Esta explicación es veraz y no contiene una pizca de mentira; sin embargo, es una verdad a medias y, por consiguiente, falsa. A pesar de haber roto relaciones con los acusados hace ya mucho tiempo, puedo afirmar sin la menor sombra de duda: estos viejos bolcheviques a quienes conocí durante tantos años (Zinoviev, Kamenev, Mrachkovski[44]) no cometieron, ni pudieron cometer, los crímenes que han «confesado».
Los no iniciados dirán que esta afirmación es paradójica o, cuanto menos, superflua. «¿Por qué dificulta usted su propia defensa defendiendo a sus enemigos mortales? ¿No es esta una actitud quijotesca?». De ninguna manera. Si hemos de poner fin a las falsificaciones de Moscú, debemos develar el mecanismo político y psicológico de las confesiones «voluntarias».

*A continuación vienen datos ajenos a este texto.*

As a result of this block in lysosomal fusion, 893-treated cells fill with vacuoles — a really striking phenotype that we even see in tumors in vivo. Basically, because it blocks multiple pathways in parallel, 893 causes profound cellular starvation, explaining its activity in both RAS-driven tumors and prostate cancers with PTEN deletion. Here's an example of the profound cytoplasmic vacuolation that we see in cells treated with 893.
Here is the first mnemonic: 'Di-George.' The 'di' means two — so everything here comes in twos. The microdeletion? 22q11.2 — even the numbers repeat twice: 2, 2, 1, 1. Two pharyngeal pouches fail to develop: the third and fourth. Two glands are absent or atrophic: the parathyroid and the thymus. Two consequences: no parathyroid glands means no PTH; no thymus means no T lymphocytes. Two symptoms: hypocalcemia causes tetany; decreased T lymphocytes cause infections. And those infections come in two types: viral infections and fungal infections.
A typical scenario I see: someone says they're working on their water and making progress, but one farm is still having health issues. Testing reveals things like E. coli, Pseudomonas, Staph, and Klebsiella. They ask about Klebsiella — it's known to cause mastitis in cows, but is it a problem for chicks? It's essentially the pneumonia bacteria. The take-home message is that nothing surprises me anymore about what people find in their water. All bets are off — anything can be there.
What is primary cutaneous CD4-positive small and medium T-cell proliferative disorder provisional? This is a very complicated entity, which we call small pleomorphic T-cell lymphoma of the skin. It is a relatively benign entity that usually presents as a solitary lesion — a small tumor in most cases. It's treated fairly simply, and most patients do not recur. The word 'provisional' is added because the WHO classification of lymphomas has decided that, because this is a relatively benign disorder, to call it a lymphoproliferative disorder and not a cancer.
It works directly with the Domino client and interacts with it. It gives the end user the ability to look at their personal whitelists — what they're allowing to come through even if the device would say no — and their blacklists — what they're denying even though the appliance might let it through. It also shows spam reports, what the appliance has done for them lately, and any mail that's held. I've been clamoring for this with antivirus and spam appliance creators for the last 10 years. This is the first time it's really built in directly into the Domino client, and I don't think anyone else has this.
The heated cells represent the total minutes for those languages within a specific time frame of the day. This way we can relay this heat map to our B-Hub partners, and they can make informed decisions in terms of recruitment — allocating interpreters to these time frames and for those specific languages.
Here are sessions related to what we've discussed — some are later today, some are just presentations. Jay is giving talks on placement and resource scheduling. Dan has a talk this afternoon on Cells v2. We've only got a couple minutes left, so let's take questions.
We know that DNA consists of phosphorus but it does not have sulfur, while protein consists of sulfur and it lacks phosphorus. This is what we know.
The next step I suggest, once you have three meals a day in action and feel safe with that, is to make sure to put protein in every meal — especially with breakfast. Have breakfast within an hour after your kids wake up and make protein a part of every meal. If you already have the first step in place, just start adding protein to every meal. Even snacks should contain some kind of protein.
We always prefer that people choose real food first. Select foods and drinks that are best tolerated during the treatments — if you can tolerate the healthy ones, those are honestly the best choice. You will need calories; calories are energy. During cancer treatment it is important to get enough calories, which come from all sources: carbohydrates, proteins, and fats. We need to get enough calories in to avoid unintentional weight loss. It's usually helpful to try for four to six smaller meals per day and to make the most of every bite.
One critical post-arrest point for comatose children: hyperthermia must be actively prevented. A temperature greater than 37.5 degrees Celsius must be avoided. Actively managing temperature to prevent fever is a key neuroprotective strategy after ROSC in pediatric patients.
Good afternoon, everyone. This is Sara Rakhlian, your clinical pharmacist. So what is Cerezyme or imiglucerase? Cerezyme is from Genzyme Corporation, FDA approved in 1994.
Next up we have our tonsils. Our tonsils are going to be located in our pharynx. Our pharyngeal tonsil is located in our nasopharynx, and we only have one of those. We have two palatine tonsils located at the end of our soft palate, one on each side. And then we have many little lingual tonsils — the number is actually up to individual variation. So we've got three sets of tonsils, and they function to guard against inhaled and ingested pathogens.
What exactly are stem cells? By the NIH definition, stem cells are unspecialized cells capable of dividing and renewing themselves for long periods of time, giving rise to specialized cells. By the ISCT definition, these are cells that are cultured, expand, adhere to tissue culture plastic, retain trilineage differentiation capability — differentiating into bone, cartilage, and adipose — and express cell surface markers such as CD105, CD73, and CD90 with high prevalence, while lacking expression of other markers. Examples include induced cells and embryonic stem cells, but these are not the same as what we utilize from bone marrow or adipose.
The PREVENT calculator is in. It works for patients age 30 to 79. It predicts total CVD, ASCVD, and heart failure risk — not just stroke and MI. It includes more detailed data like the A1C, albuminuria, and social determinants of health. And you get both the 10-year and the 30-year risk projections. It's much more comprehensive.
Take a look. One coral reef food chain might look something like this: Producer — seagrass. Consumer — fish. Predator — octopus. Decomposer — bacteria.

En 1931 se realizó en Moscú un juicio contra ciertos mencheviques; la acusación se basó exclusivamente en las confesiones de los acusados. Conocía muy bien a dos de ellos: el historiador Sujanov y el economista Groman[45]. Aunque algunos de los cargos parecían fantásticos, era imposible, creía yo, que estos viejos políticos a quienes consideraba —a pesar de nuestras diferencias ideológicas insalvables— hombres serios y honestos, pudieran mentir tanto sobre sí mismos y los demás. No cabe duda, pensé: la GPU arregló el prontuario, agregó algunas cosas —en su mayoría falsas—, pero debe haber algo de cierto en todo esto. Recuerdo que mi hijo, quien a la sazón vivía en Berlín, me dijo posteriormente, en el curso de una conversación en Francia: «El proceso de los mencheviques es un fraude completo».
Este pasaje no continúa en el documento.